Fiscal 2025 Restructuring Activity

Our fiscal 2025 restructuring costs were for the continued implementation of our new North America go-to-market strategy, alignment of personnel and refinements to the new model, and to reduce operating expenses in certain areas of our operations. In fiscal 2024, we began restructuring our North America sales force to a more focused structure that is designed to drive additional sales growth in the future. In the first quarter of fiscal 2025, we expanded this restructuring effort to certain areas of our International Direct Office segment. For the fiscal year ended August 31, 2025, the cost of

these restructuring activities totaled $6.7 million and consisted of two restructuring events, one in each of the first and third quarters. The restructuring costs were primarily for severance and related personnel expenses.

During the third quarter of fiscal 2025, we expensed $4.7 million for severance to approximately 45 associates who were impacted by changes to our new go-to-market strategy and cost reduction initiatives. Approximately $3.8 million of the restructuring was attributable to the North America segment, $0.2 million for the International Direct Office segment, $0.1 million for the International Licensees segment, and $0.6 million for the Education Division. The majority of these severance benefits were paid in the fourth quarter of fiscal 2025 and we expect to pay the remaining benefits during the first two quarters of fiscal 2026. We had $1.9 million included in accrued liabilities on our condensed consolidated balance sheet at August 31, 2025, for the third quarter restructuring event.

In the first quarter of fiscal 2025, we expensed $2.0 million for severance to approximately 35 associates who were impacted by sales force restructuring activities. Approximately $1.6 million of this restructuring expense was attributable to the North America segment and $0.4 million was attributable to the International Direct Office segment.
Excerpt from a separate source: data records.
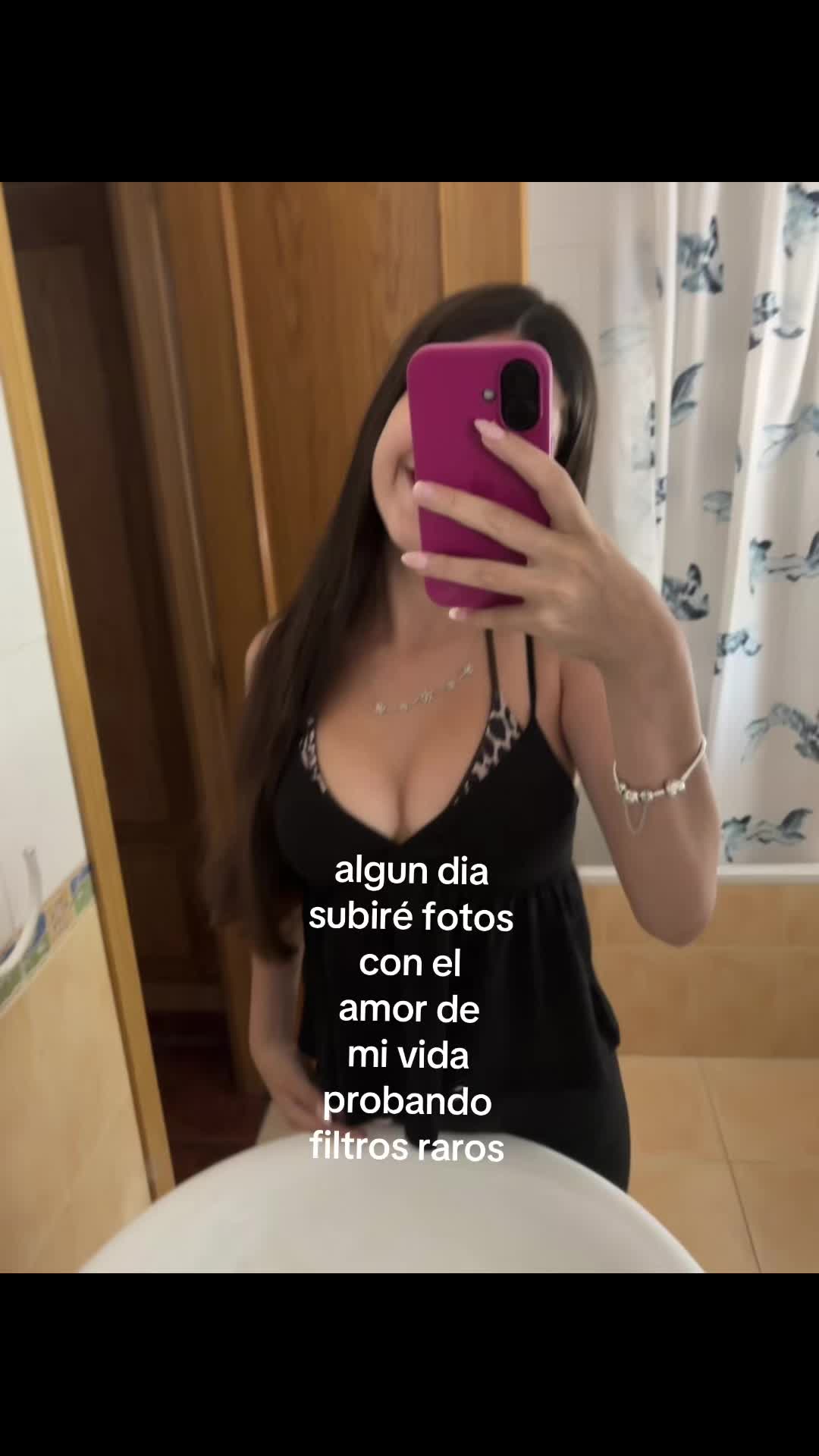 @merypopiinss2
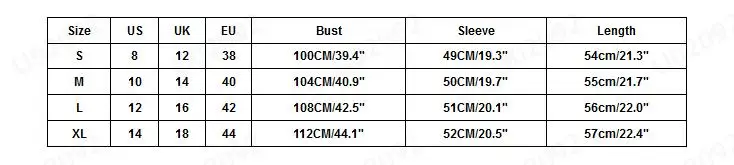 Женский свитер с круглым вырезом и длинным рукавом черный белый Модный пуловер в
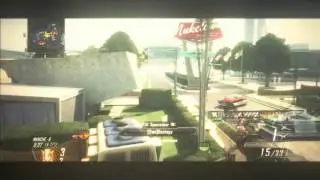 Minitage Destopz | by Teeq (R&eacute;-upload)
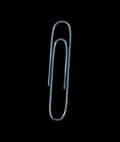 Paper Clip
These severance benefits were paid during the second quarter of fiscal 2025 and there were no remaining accrued restructuring liabilities from this restructuring event on our consolidated balance sheet at August 31, 2025.

Fiscal 2024 Restructuring Activity

During fiscal 2024, we restructured certain areas of our operations to sharpen the focus of our efforts and resources on plans and initiatives to drive additional growth in the future. As a result of this restructuring plan, we reduced our workforce by more than 50 associates and incurred severance and legal expenses totaling $3.0 million. Approximately $2.5 million of the restructuring expense was attributable to the Direct Office segment, $0.4 million was attributable to the Education segment, and $0.1 million was attributable to corporate functions. The remaining restructuring liability at August 31, 2024 totaled $0.4 million and was included in accrued liabilities in our consolidated balance sheet. These accrued restructuring costs were paid in fiscal 2025.